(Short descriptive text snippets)

+ + + + + + +

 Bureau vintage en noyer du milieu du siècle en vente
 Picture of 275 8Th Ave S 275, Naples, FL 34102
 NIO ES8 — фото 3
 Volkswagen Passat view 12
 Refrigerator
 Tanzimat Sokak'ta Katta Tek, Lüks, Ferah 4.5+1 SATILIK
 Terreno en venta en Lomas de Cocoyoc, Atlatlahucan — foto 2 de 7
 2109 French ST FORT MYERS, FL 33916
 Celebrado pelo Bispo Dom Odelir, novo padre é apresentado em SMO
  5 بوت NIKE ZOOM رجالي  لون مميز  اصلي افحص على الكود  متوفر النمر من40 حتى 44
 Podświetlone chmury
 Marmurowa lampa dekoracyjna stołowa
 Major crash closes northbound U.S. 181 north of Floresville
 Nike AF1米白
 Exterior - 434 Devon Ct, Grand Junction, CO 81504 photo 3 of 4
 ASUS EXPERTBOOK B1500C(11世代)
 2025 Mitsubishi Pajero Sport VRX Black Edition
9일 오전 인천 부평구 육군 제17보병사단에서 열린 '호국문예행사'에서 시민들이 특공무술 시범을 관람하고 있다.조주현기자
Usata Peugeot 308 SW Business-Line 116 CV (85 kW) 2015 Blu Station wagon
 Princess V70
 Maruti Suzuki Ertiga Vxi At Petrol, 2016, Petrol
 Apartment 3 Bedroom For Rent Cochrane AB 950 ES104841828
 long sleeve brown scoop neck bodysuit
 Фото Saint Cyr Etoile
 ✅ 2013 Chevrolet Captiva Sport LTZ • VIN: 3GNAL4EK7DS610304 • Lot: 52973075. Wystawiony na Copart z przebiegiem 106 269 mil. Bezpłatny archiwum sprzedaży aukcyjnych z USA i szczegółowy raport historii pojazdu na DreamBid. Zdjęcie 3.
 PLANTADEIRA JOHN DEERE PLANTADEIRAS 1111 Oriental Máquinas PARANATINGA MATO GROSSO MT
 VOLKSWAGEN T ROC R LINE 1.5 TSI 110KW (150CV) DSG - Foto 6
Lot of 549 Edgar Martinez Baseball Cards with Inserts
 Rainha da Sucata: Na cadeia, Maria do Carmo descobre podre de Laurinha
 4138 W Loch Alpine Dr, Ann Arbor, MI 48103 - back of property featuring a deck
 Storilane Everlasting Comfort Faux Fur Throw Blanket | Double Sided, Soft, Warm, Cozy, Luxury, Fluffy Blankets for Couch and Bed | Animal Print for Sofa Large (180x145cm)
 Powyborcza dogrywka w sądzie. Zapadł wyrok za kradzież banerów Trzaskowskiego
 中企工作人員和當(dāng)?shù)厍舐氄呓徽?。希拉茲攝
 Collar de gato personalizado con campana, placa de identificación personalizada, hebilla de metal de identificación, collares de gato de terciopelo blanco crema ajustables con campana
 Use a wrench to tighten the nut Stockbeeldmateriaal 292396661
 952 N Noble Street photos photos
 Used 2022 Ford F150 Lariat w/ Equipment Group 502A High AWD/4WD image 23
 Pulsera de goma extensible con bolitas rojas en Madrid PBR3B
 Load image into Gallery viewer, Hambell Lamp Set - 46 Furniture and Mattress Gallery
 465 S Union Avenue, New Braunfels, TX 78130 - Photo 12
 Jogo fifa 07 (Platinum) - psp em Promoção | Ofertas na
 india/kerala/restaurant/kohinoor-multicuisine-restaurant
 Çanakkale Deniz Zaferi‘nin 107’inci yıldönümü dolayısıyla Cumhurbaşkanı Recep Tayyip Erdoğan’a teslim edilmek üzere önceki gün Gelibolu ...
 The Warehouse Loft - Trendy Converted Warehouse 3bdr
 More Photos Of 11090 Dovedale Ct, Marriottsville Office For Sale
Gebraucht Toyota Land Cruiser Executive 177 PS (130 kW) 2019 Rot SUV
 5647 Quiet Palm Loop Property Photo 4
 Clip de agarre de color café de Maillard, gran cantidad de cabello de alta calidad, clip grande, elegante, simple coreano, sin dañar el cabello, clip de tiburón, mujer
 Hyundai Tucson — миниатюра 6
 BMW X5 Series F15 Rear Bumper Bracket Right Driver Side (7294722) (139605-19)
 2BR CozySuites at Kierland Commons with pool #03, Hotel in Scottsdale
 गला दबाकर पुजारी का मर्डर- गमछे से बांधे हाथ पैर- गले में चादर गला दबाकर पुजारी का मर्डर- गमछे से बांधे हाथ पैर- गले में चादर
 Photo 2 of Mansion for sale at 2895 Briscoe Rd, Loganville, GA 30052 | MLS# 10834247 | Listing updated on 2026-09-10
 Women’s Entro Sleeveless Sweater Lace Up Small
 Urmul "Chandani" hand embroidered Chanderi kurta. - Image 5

+ + + + + + +

**Assigned task:** Reproduce only the lines running from the one that contains "Clip de agarre" to the last line of the records.

**Result below:**
 Clip de agarre de color café de Maillard, gran cantidad de cabello de alta calidad, clip grande, elegante, simple coreano, sin dañar el cabello, clip de tiburón, mujer
 Hyundai Tucson — миниатюра 6
 BMW X5 Series F15 Rear Bumper Bracket Right Driver Side (7294722) (139605-19)
 2BR CozySuites at Kierland Commons with pool #03, Hotel in Scottsdale
 गला दबाकर पुजारी का मर्डर- गमछे से बांधे हाथ पैर- गले में चादर गला दबाकर पुजारी का मर्डर- गमछे से बांधे हाथ पैर- गले में चादर
 Photo 2 of Mansion for sale at 2895 Briscoe Rd, Loganville, GA 30052 | MLS# 10834247 | Listing updated on 2026-09-10
 Women’s Entro Sleeveless Sweater Lace Up Small
 Urmul "Chandani" hand embroidered Chanderi kurta. - Image 5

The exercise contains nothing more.